### [The task]
All lines holding the word "Chevrolet" are to be copied from the records beneath.

▶

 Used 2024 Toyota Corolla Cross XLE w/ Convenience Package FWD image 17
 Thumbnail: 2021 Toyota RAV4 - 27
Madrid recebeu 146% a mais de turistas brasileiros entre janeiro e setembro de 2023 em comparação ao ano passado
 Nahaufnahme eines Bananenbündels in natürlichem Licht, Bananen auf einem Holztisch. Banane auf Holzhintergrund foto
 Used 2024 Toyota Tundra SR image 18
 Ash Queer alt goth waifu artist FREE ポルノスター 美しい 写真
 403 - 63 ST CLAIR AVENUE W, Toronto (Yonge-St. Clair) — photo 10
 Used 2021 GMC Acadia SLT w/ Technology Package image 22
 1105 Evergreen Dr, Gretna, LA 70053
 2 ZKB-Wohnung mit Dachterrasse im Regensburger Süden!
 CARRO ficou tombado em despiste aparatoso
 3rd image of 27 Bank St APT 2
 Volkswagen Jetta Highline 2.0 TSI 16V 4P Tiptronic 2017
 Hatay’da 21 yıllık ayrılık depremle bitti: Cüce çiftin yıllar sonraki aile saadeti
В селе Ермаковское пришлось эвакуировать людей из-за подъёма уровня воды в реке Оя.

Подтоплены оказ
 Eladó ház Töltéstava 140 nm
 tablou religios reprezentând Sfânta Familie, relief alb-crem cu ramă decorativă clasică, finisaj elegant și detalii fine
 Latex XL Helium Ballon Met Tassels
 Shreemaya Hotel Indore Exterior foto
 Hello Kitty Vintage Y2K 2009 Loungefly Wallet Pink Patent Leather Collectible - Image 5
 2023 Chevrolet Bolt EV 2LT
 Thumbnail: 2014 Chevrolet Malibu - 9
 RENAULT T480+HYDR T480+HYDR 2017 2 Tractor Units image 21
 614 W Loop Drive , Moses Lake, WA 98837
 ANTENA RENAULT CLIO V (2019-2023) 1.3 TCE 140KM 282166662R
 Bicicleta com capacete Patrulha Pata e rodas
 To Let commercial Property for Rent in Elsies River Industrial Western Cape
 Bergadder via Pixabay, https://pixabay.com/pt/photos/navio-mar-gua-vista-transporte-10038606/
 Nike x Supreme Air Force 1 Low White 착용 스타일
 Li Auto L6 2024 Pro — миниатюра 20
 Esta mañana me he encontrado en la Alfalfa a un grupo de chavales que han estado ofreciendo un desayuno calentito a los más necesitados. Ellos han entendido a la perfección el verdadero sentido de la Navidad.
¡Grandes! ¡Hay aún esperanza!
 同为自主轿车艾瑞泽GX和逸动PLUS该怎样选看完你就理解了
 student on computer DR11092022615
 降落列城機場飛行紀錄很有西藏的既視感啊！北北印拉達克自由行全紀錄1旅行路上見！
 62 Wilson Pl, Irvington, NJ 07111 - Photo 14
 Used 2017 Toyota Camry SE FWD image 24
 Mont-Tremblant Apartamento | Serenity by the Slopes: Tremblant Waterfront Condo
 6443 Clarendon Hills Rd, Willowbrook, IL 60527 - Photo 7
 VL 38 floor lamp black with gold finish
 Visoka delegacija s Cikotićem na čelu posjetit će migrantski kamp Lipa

◀

### [Written solution]
 2023 Chevrolet Bolt EV 2LT
 Thumbnail: 2014 Chevrolet Malibu - 9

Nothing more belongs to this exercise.